- Opening Delimiter -
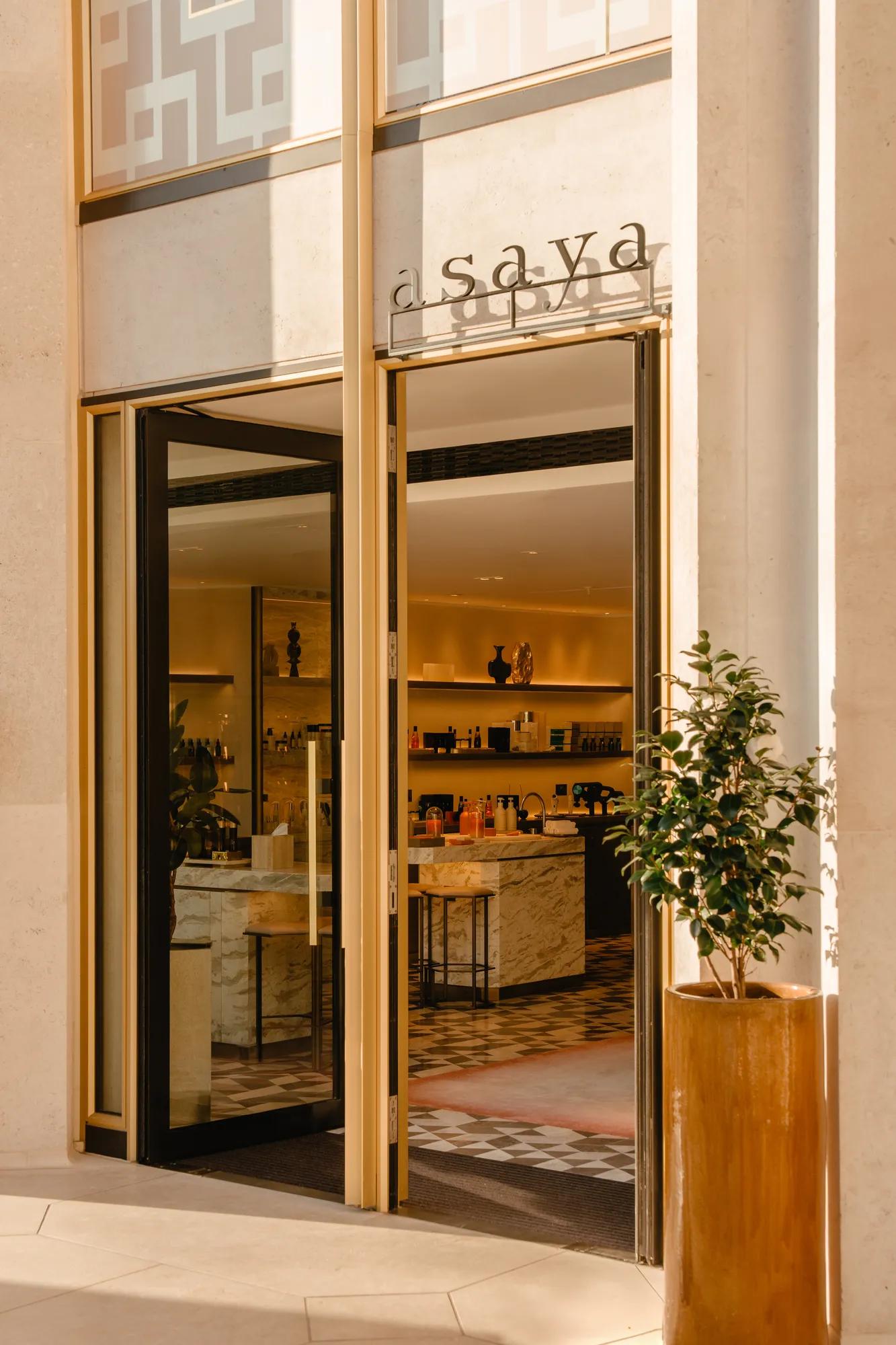 entrance of asaya boutique at the chancery rosewood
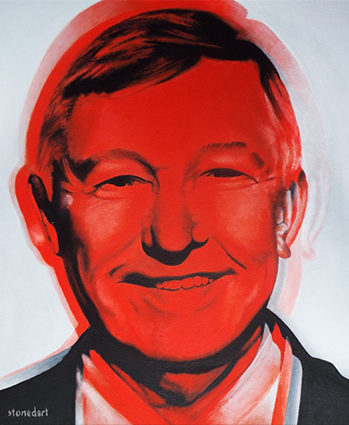 Alex Ferguson painting art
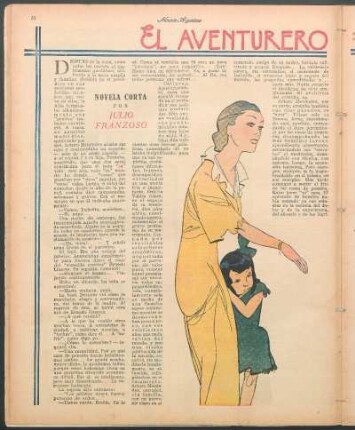 El aventurero : Novela corta por Julio Franzoso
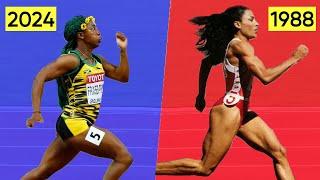 Which Female Sprinter has the Best Technique Ever?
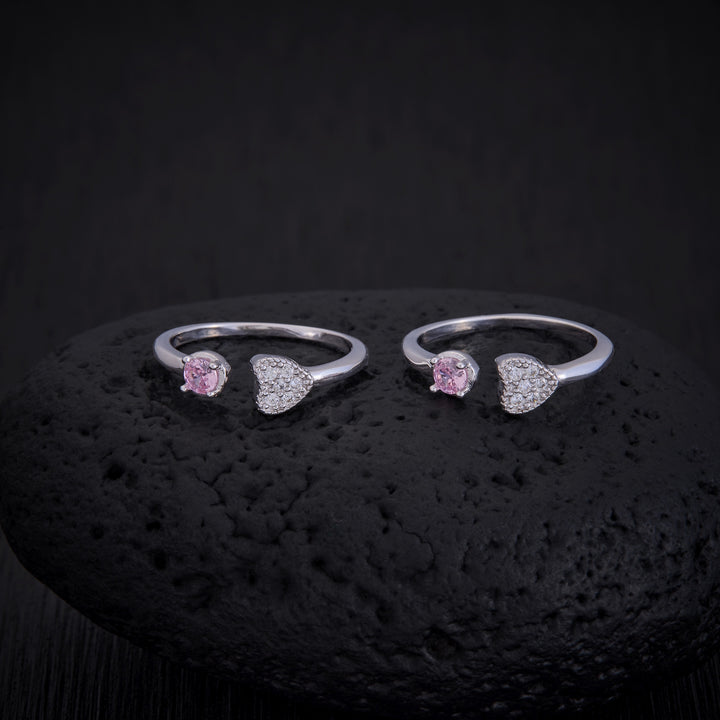 Heart Halo Toe Ring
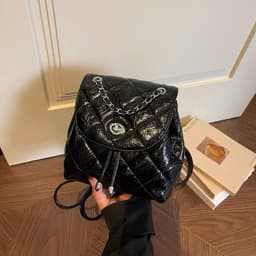 CHSK - BST New Balo CHSK Chần Trám Da Bóng Basic Khoá Xoay mini 3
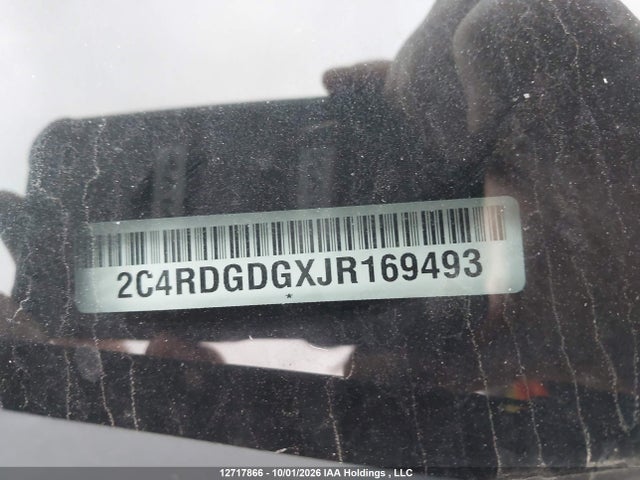 12717866 :رقم المزاد ، 2C4RDGDGXJR169493 vin ، 2018 Dodge Grand Caravan Crew مزاد بيع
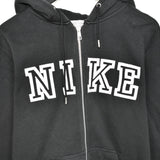Vintage Nike zip up hoodie pullover sweatshirt top jumper in black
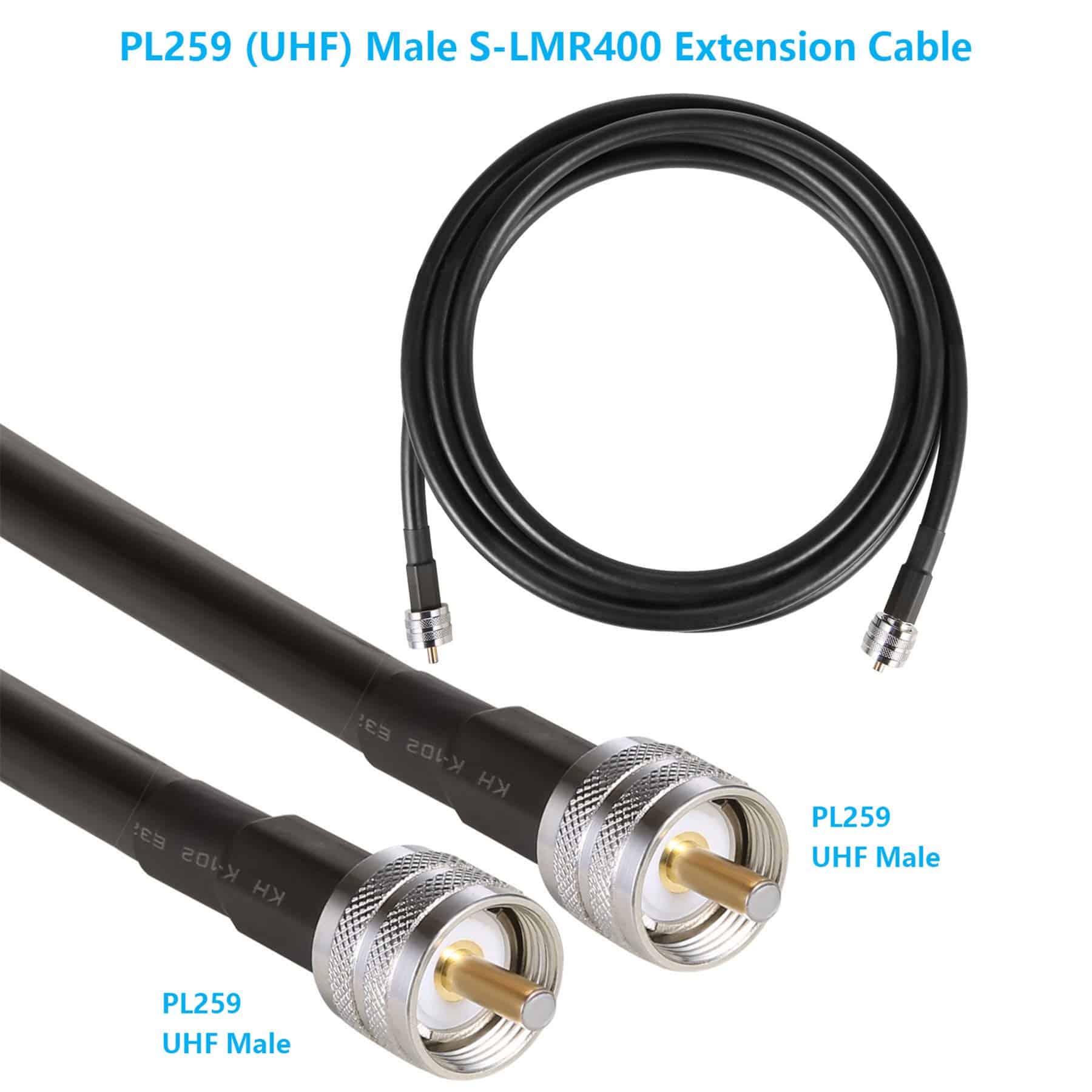 Cable de Extensión PL259 a PL259 de 11 Metros GEMEK, Baja - Imagen 4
- Closing Delimiter -
To complete this exercise, transcribe exactly the lines above from the one that holds "Alex Ferguson painting art" through the one that holds "12717866 :رقم المزاد". Pictures stay out.

__FINISHED EXERCISE__
 Alex Ferguson painting art
 El aventurero : Novela corta por Julio Franzoso
 Which Female Sprinter has the Best Technique Ever?
 Heart Halo Toe Ring
 CHSK - BST New Balo CHSK Chần Trám Da Bóng Basic Khoá Xoay mini 3
 12717866 :رقم المزاد ، 2C4RDGDGXJR169493 vin ، 2018 Dodge Grand Caravan Crew مزاد بيع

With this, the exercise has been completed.